Instead, they are acquired through habit and stay with us by force of comfort. For example, if you drink a bottle of Coke or skip a workout today, you’re not going to go from healthy to unhealthy suddenly.

However, these choices can end up becoming bad habits through repetition and accumulate into a disaster.

Because bad habits are easy to acquire when there is a delay between action and consequence.

Don’t make Bad Choices all the time

The formula for failure is to consistently repeat a few small errors.

Just because the results aren’t immediately felt doesn’t mean consequences aren’t coming. Be smart enough to know the potential results of decisions. While good choices repeated make time your friend, bad ones make it your enemy.

Whatever your weaknesses and whatever their origins, don’t let the autopilots take command of your life.

The autopilots are the enemies stopping you from making the right decisions, and they are:

  1. The Emotional Autopilot: We react based on how we feel instead of what’s true.
  2. The Ego Autopilot: We get defensive when our ego or status feels attacked.
  3. The Social Autopilot: We go along with what everyone else is doing.
  4. The Comfort Autopilot: We stick with what’s familiar and avoid change.

I explained this in full detail in a previous article HERE.

The Two Ways of Managing Your Weaknesses

There are two ways to manage your weaknesses.

  1. Build your strengths to help you overcome the weaknesses you’ve acquired.
  2. Implement safeguards to help you manage any weaknesses you’re having trouble overcoming with strength alone.

The formula is simple: To think clearly and make good life-changing decisions, manage your inbuilt Weaknesses (e.g. hunger, thirst etc.) with safeguards.
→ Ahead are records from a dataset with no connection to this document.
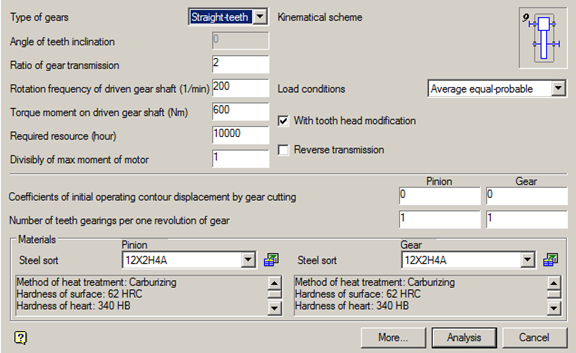 CAD drafting ENGINEERING ANALYSIS 24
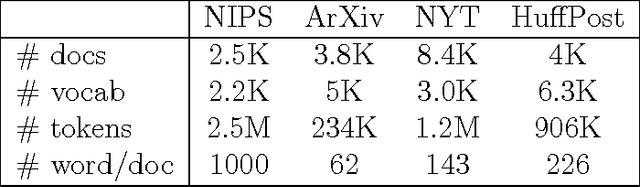 Figure 1 for Stochastic Annealing for Variational Inference
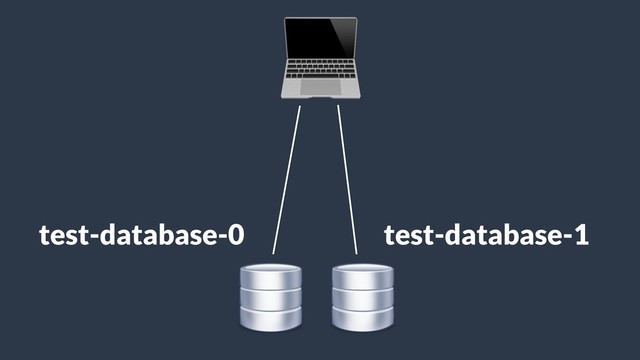 
test-database-0 test-database-1
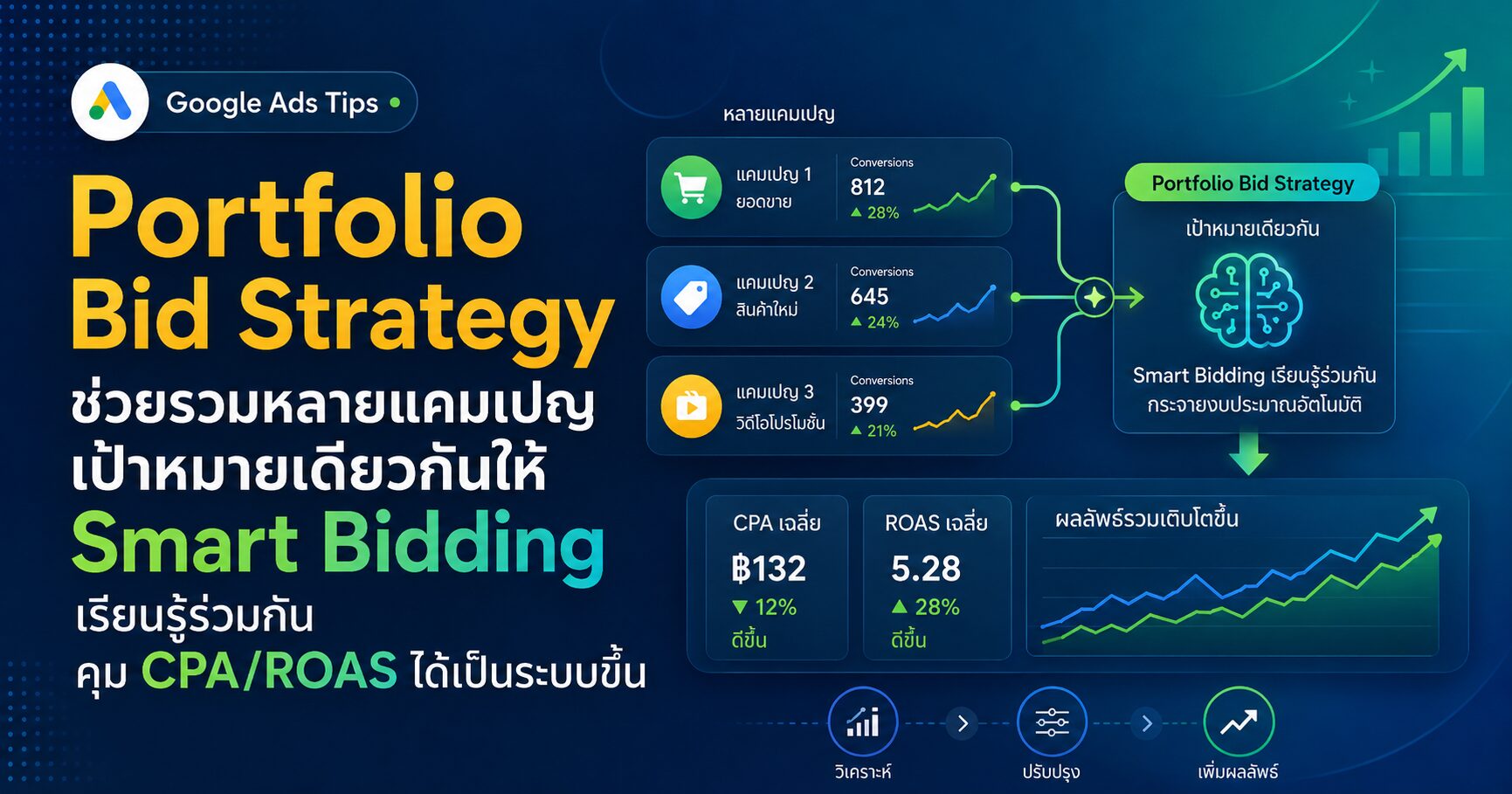 Portfolio Bid Strategy Google Ads Smart Bidding Target CPA Target ROAS และ Shared Budget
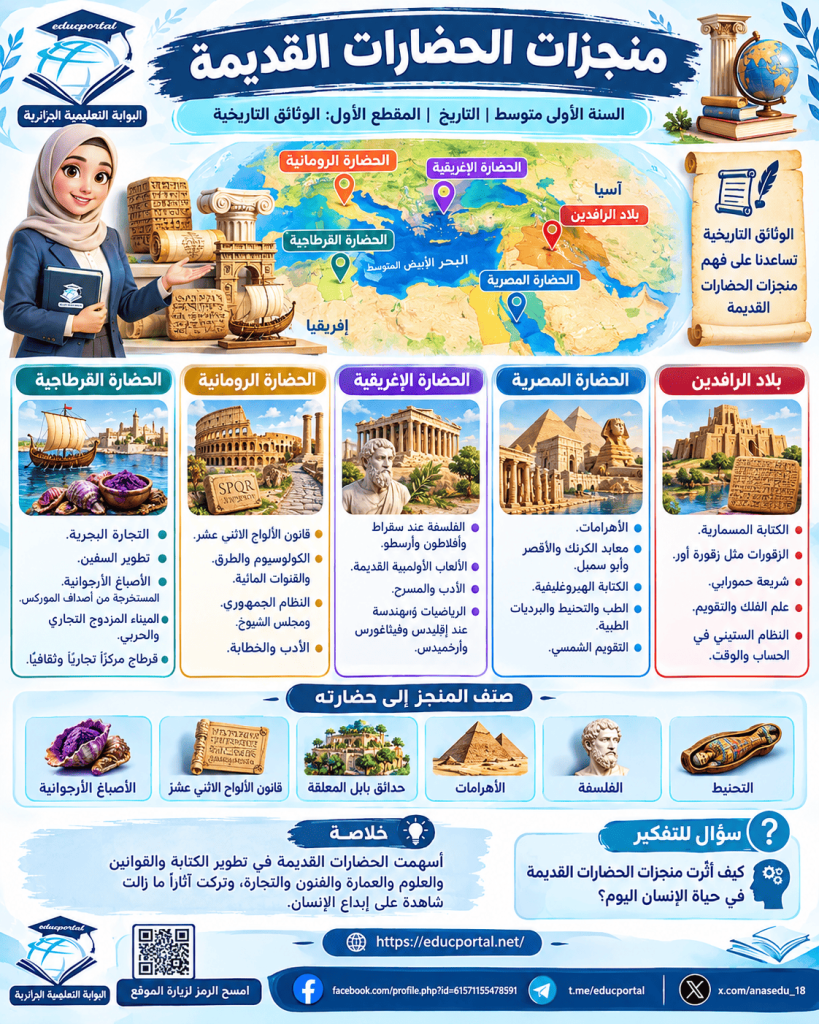 درس الخطوات المنهجية لدراسة الآثار في مادة التاريخ للسنة الأولى متوسط الجيل الثاني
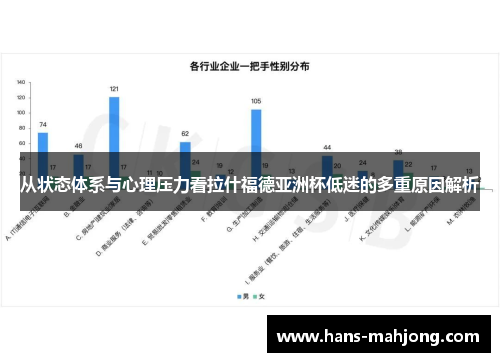 从状态体系与心理压力看拉什福德亚洲杯低迷的多重原因解析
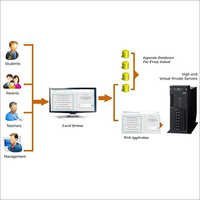 eShiksha सॉफ़्टवेयर डेवलपर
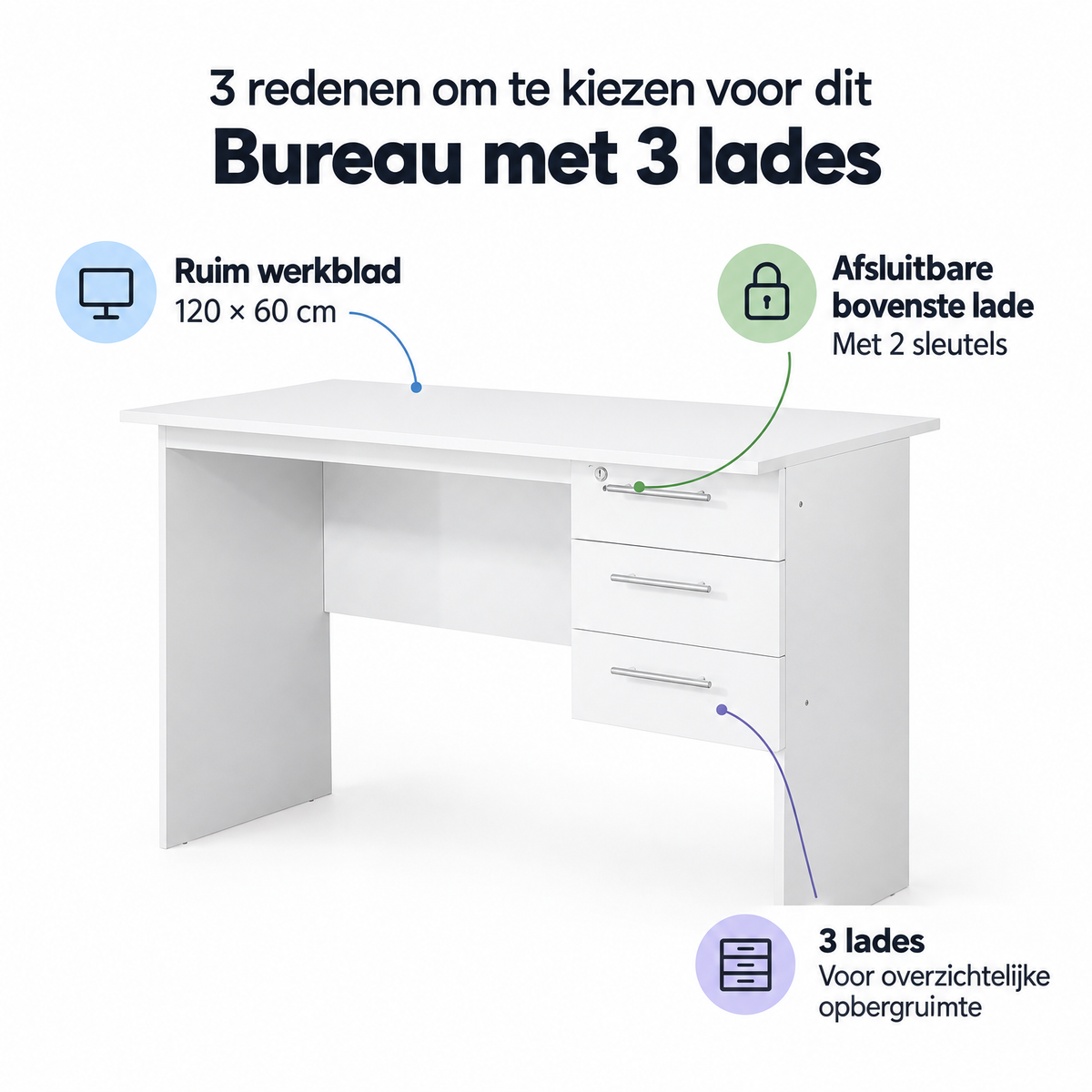 Belangrijkste voordelen en eigenschappen van bureau met lades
Then manage your acquired weaknesses (e.g. refusing to start something because of fear or coasting on your talent without hard work) by combining your safeguards with your strengths.

Safeguards: The Two Ways of Managing Your Weaknesses

Safeguards: The Two Ways of Managing Your Weaknesses

But there is something you must understand first…
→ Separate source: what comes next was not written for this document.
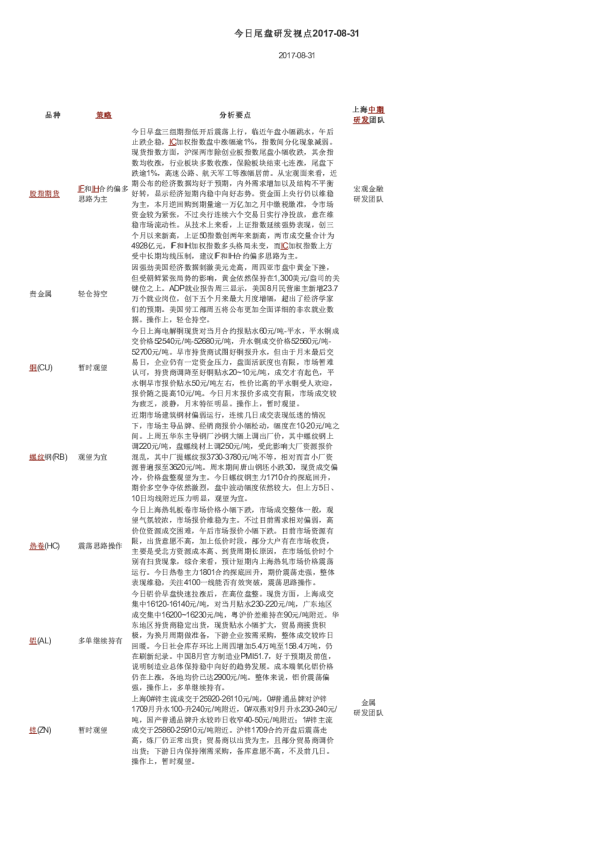 今日尾盘研发视点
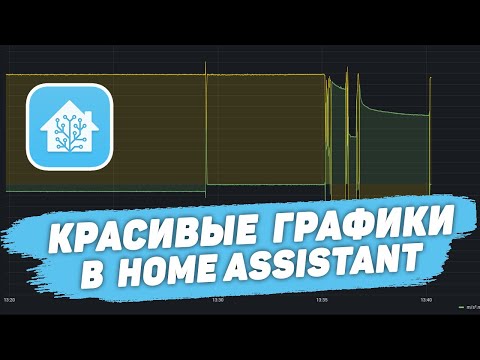 Видео: InfluxDB, Grafana & Hassio ашиглан мэдрэгчийн бүртгэл: 5 алхам Видео: InfluxDB, Grafana & Hassio ашиглан мэдрэгчийн бүртгэл: 5 алхам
Why We Fail to See Our Weaknesses?

We fail to see our own weaknesses for three main reasons.

  1. These weaknesses can be hard for us to detect because they’re part of the way we’re accustomed to thinking, feeling, and acting.
  2. Seeing our weaknesses bruises our egos. especially when they are behaviours that are deeply part of us.
  3. We have a limited perspective because it is very hard to understand a system that we are a part of.

When we fail to see our weaknesses, there is a gap in our thinking that comes from believing that the way we see the world is the way the world really works.

3 Main Reasons we Fail to See our Weaknesses

It’s only when you change your perspective and look at the situation through the eyes of other people; that’s when you realize what we’re missing. You begin to appreciate your own blind spots and see what we’ve been missing.

What are Safeguards and How to Protect Yourself with Them

Safeguards are tools for protecting yourself from yourself.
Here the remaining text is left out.